After a challenging holiday season, Best Buy Co. says it is getting even more aggressive on costs.
The Richfield-based retailer said Thursday that it now aims to top $1 billion in savings as it continues a "Renew Blue" turnaround that started a little more than a year ago. The company cut $765 million from its operations last year, outpacing the original multiyear target by $40 million.
"That's much faster than anybody expected," CEO Herbert Joly told the Star Tribune. "We've also improved the customer experience in material ways, and we've laid some very important foundations for the future."
Joly declined to discuss reports that the company laid off 2,000 store managers this week, but did indicate that future savings would be focused on measures other than reducing its workforce of more than 140,000. The strategy, Joly said, will be to eliminate inefficiencies in structural areas consumers don't see, such as improving logistics, working with vendors and reducing returns.
"We are focused on what we can control," he told investors during a conference call.
The consumer electronics giant has been fighting to strengthen its position in an increasingly competitive marketplace by reducing prices to compete with the likes of Amazon and Wal-Mart. Best Buy telegraphed more than a month ago that its results for the holiday season would be weaker than many had hoped.
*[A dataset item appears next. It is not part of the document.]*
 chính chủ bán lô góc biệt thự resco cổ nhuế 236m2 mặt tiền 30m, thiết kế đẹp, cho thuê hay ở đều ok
That disclosure led to a 29 percent decline in its stock price during a single day of trading last month.
While reporting financial results on Thursday, Best Buy executives emphasized several positive signs — profit margins were eroding at a much slower pace, and sales had "stabilized." Joly said cost reductions and operational improvements helped offset a difficult holiday season marked by price wars, frigid weather and a still-skittish consumer.
Analyst Ken Perkins of Retail Metrics Inc. said he was encouraged to see Best Buy take an aggressive stance on pricing, which it hasn't been willing to do in the past.